(Data extracted from a collection)

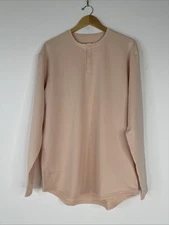BYLT Drop Cut Lux Long Sleeve Henley Shirt Mens Size L Pink Curved Hem NWOT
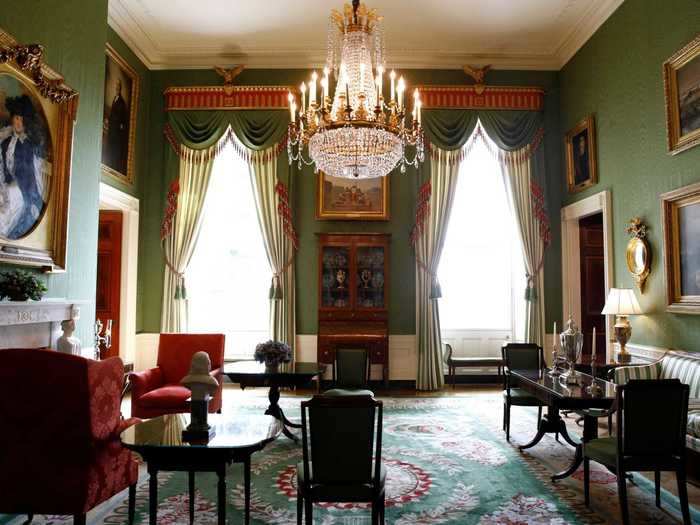 The White House also refreshed draperies in the Green Room by switching material from the backside to the front, eliminating the need — and cost — of replacing the curtains entirely, McLaurin said. Only the fringe had to be replaced.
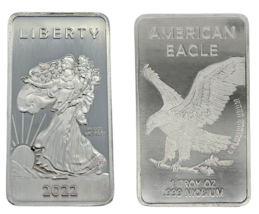 1 TROY OUNCE/OZ 999 Pure Precious Metal Walking Liberty Eagle Niobium Bar Silver - £23.79 GBP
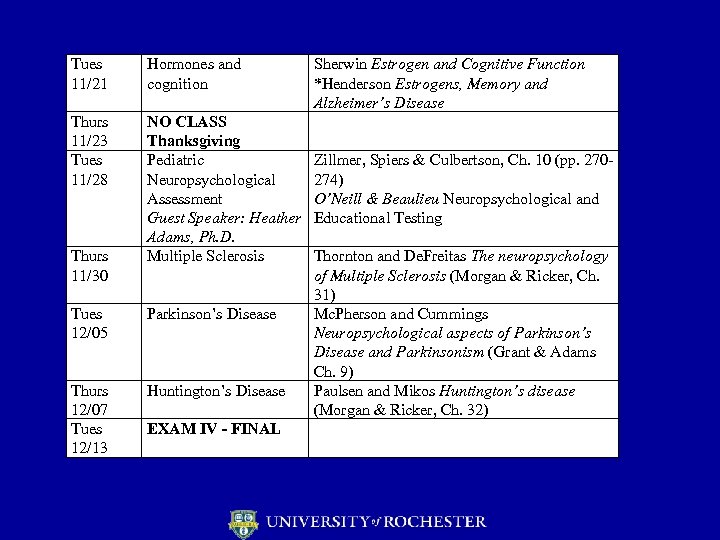 Tues 11/21 Hormones and cognition Thurs 11/23 Tues 11/28 NO CLASS Thanksgiving Pediatric Neuropsychological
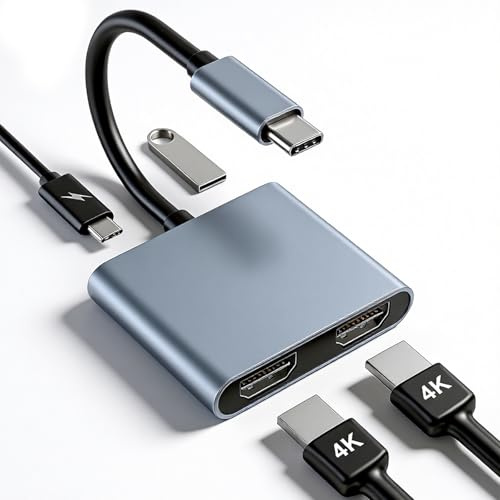 HDTV Splitter 1 in 2 Out Extended Display, USB C auf HDTV Adapter Dual Monitor, HD-TV Docking Station 2 Monitore, 2 Bildschirme mit Laptop verbinden, 2 Monitore an Laptop anschließen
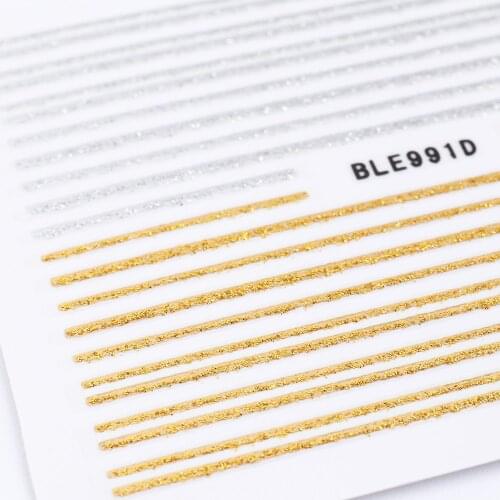 3D Gold Silver Line Stripes Nail Art Stickers Glitter Bronzing Geometry Irregular Pattern Slider Nail Accessories SABLE991D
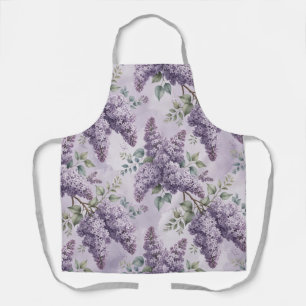Delantal Lilas Flores de Lilas Verde Salvia Lavanda Polvori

→ **TASK STATEMENT**:
Each line from the one that contains "Tues 11/21 Hormones" through the end of the records should be restated exactly; include both end lines and leave any pictures out.

→ **EXERCISE RESULT**:
 Tues 11/21 Hormones and cognition Thurs 11/23 Tues 11/28 NO CLASS Thanksgiving Pediatric Neuropsychological
 HDTV Splitter 1 in 2 Out Extended Display, USB C auf HDTV Adapter Dual Monitor, HD-TV Docking Station 2 Monitore, 2 Bildschirme mit Laptop verbinden, 2 Monitore an Laptop anschließen
 3D Gold Silver Line Stripes Nail Art Stickers Glitter Bronzing Geometry Irregular Pattern Slider Nail Accessories SABLE991D
Delantal Lilas Flores de Lilas Verde Salvia Lavanda Polvori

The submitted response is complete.